Interest (Income)/Expense, Net

Interest income, net was $1.1 million for the three months ended March 31, 2023 and interest expense, net was $4.3 million for the three months ended March 31, 2022 . The net interest income for the three months ended March 31, 2023 was primarily due to an increase in interest income as a result of higher cash balances and an increase in the interest rates earned on such balances.

Other (Income)/Expense, Net

Other income, net was $4.8 million for the three months ended March 31, 2023 and other expense, net was $0.5 million for the three months ended March 31, 2022. The net other income in the current period was primarily related to a recovery on a previously written-off deposit as well as other income earned from non-core operations.

Income Tax Provision

The effective tax rate for the three months ended March 31, 2023 was 23.0%, compared to 23.4% for the same period in 2022. For the three months ended March 31, 2023 and 2022 the effective tax rate differed from the U.S. federal statutory income tax rate primarily due to state income taxes, non-deductible executive compensation, and special deductions and credits relating to homebuilding activities.

Net Income

Net income and diluted earnings per share for the three months ended March 31, 2023 was $191.1 million and $1.74, respectively. Net income and diluted earnings per share for the three months ended March 31, 2022 was $176.7 million and $1.44, respectively. The increases in net income and diluted earnings per share from the prior year were primarily attributable to higher gross margin, higher interest and other income, and lower general and administrative expenses.

Liquidity and Capital Resources

Liquidity

We finance our operations through the following:

Cash generated from operations;

Mortgage warehouse facilities;
Borrowings under our Revolving Credit Facilities;

Project-level real estate financing (including non-recourse loans, land banking, and joint ventures); and
Our various series of Senior Notes;

Performance, payment and completion surety bonds, and letters of credit.

Cash flows for each of our communities depend on the status of the development cycle and can differ substantially from reported earnings. Early stages of development or expansion require significant cash expenditures for land acquisitions, on and off-site development, construction of model homes, general landscaping and other amenities. Because these costs are a component of our inventory and are not recognized in our statement of operations until a home closes, we incur significant cash outflows prior to recognition of earnings.

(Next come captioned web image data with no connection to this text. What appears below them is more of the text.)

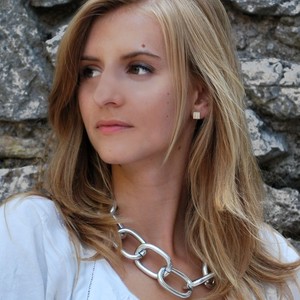 Claire Gonnord Claire Gonnord
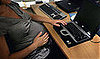 Should It Be Illegal to Lay Off Pregnant or Postpartum Women?
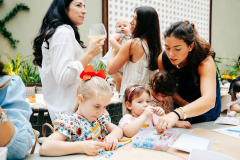 5264-Temple-Israel-family-shabbat-malka-coastal-click-photography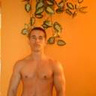 Maly1503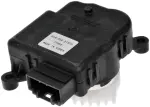 604056 - : Air Door Actuator - Temperature for Dodge: Dart Image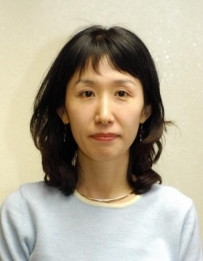 박상숙 산업부장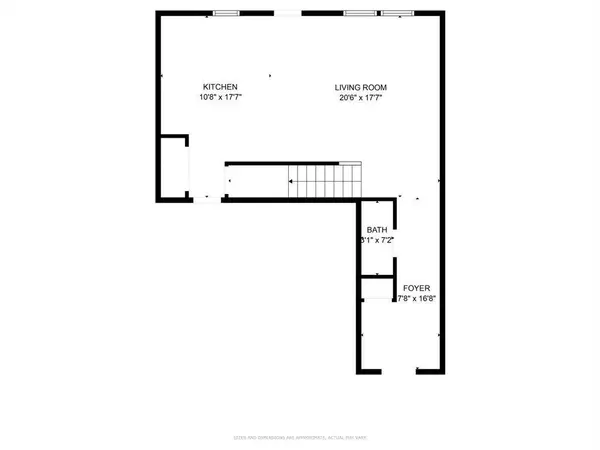 120 Waterhouse Lake Drive, Anna, TX 75409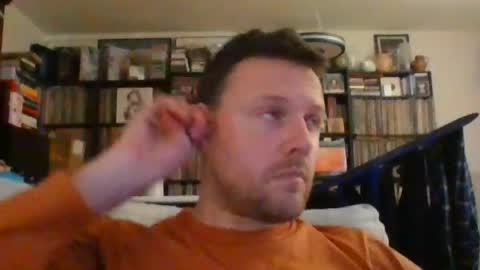 Snapshot of torth666 chatting on 06.12.26 torth666 online show from 06.12.26
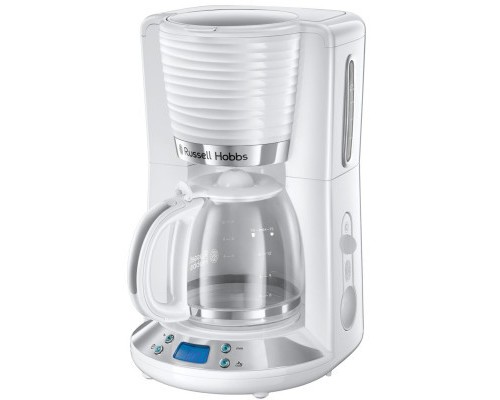 Крапельна кавоварка Russell Hobbs 24390-56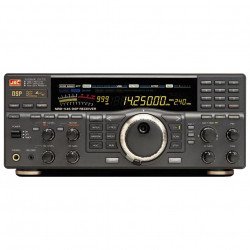 jrc-nrd-545-dsp
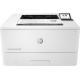 HP LaserJet Enterprise M406dn - Stampante - B/N -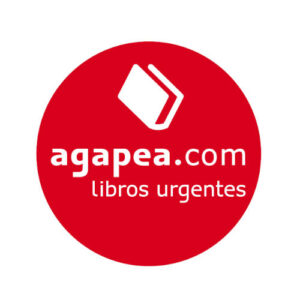 agapea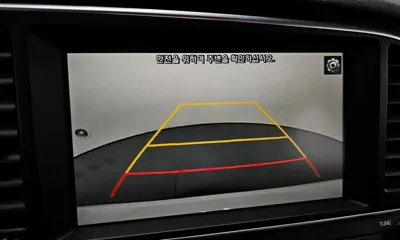 Hyundai Avante 2018, 131524 км, за 5798.05 USD - фото 15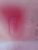 1000001894
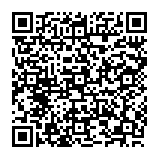C&oacute;digo QR con el enlace al titular El albergue de Grajal de Campos, el segundo preferido para los que peregrinan por el Camino de Madrid
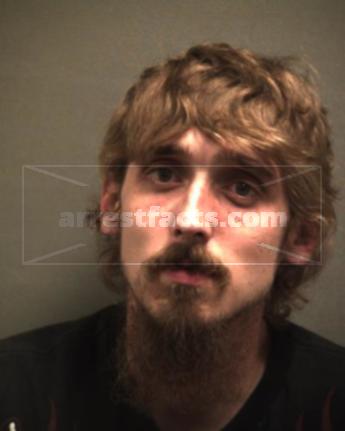 Ben Shelby Fisher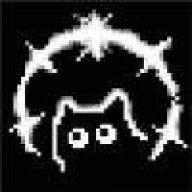 Murasame_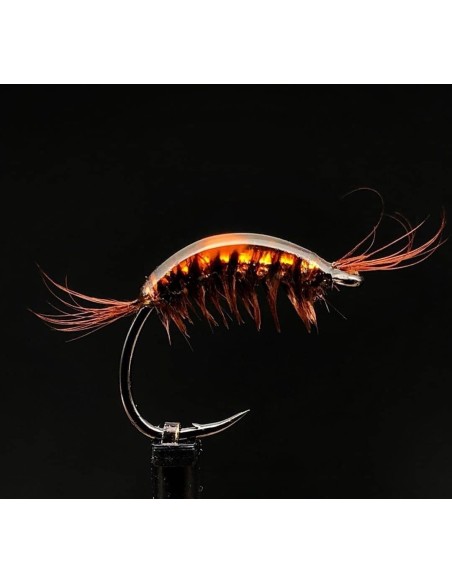 BARNIZ UV GULFF MOTOR OIL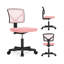 Chaise de bureau sans accoudoirs-1017391874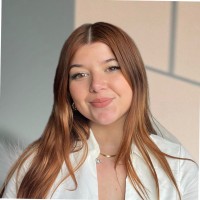 Francisca Queirós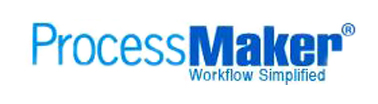 Process Maker
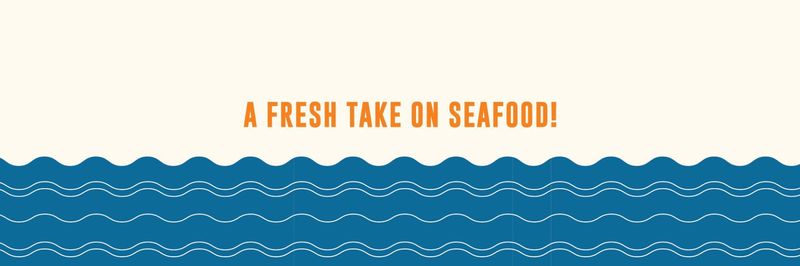 Fishta Seafood, Inc. - supplier and manufacturer from 필리핀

The three month period ended March 31, 2023 witnessed significant disruptions to the banking system and financial market volatility resulting from certain bank failures. While we maintained no accounts at any failed banks, substantially all of our cash currently on deposit with other major financial institutions exceeds insured limits. We limit exposure relating to our short-term financial instruments by diversifying these financial instruments among various counterparties, which consist of major financial institutions. Generally, deposits may be redeemed on demand and are maintained with financial institutions with reputable credit.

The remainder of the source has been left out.